I just completed listening to the audiobook version of Matterhorn by Karl Marlantes, having read the book about a year ago. This book's massive success puts to lie the little cartoon above. Yet, in a way, it is the exception that proves the rule. Matterhorn is more like going on deployment than reading a novel.  It is unrelentingly brutal but not even a pale shadow of the real brutality that was the Vietnam War--"my" war.

In response to several of Marlantes' observations, observations I myself have remarked on at times in my ravings to friends, I was moved to put out a second edition of my book, Surfing Vietnam. In this second edition, I wanted to underscore the fact that a real war was occurring half a world away, as my protagonist wanders through an America sickened and subverted by the lies and brutality the political war was spawning at home.

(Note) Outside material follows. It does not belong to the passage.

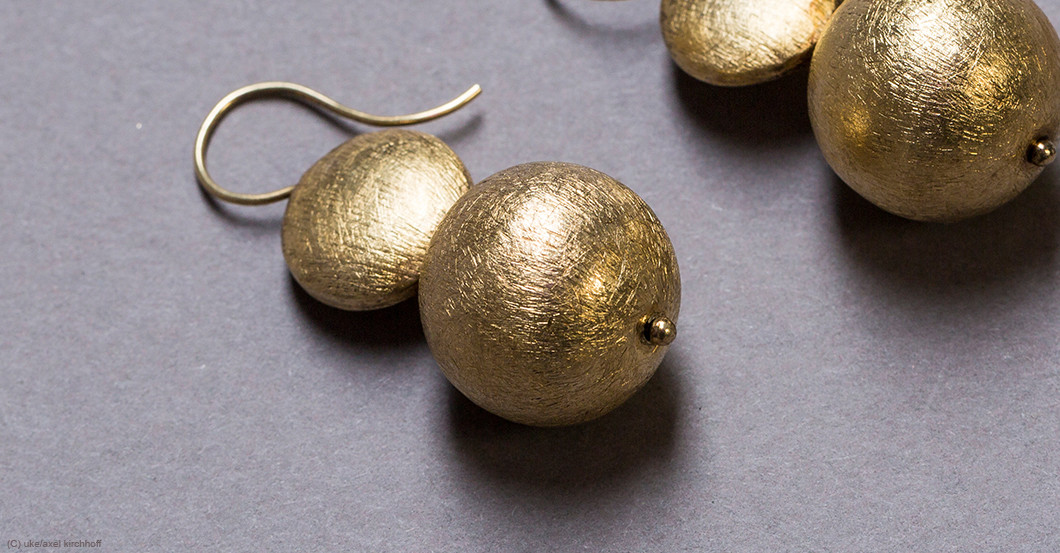  Ohrringe Kugelplättchen 
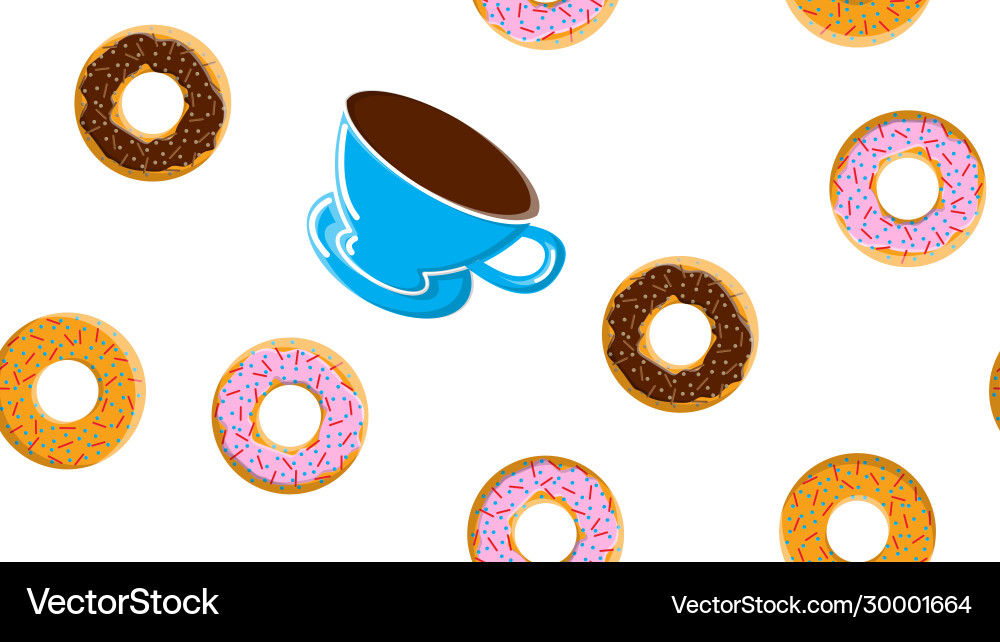Seamless pattern texture from different Vector Image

In order to heighten the reader's awareness of the real war, in addition to including seven military-style obituaries at the ends of chapters for male characters appearing in those chapters, that I put in at the last minute in the first edition, I began each chapter in this second edition with a pithy quote about war. Tofurther underscore the fact of the "real" war, I wrote an epilogue in which my protagonist describes a meeting in Paris with a highly decorated Marine Captain in Paris in 1975 who bears an eerie resemblance to the protagonist in Matterhorn and to Marlantes himself.

In the Epilogue, the Marlantes figure reiterates some of the observations he makes in his book. He exposits through one of his characters that there is nothing to steal in Vietnam. All wars are probably immoral, but some are also illogical. It is sane and rational to steal another country's wealth, land, gold or oil--not moral, but logical. Vietnam was neither moral nor logical. The double whammy of lunacy inherent in such a war and the government's attempts through intimidation, lies, and betrayal to rationalize and justify the lunacy were the seeds planted during the Vietnam War that are bearing fruit now in a country that is enslaving its own citizens, throwing out Constitutional Law, English Common Law and all decency in the name of fighting the so-called "war on terror" and preserving corporate interests.

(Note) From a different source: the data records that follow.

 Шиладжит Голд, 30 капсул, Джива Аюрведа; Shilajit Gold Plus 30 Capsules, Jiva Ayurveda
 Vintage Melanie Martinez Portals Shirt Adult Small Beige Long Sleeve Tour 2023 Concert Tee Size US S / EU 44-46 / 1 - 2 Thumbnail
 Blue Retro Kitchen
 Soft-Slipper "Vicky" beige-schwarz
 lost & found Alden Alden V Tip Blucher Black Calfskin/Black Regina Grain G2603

I never set out to write Surfing Vietnam as a political polemic, but rather a worm's eye view of a society enmeshing itself in the lies and betrayals necessary to conduct such a lunatic war. Fighting a war in the jungle was not protecting NewYork from a communist take-over. The little brown men who fought like tigers and died like flies were not fighting for Marx or Lenin, but for a homeland that housed their ancestors and families and provided their livelihoods. One week in the jungle in combat would have persuaded Kennedy and Johnson,  Kissinger and McNamera  that the "principles" they were fighting for were just a load of bullshit Sophistry.

I would hope that some young people read Matterhorn and Surfing Vietnam. I pray they are not all as vapid as the young lady in the cartoon at the head of this blog post.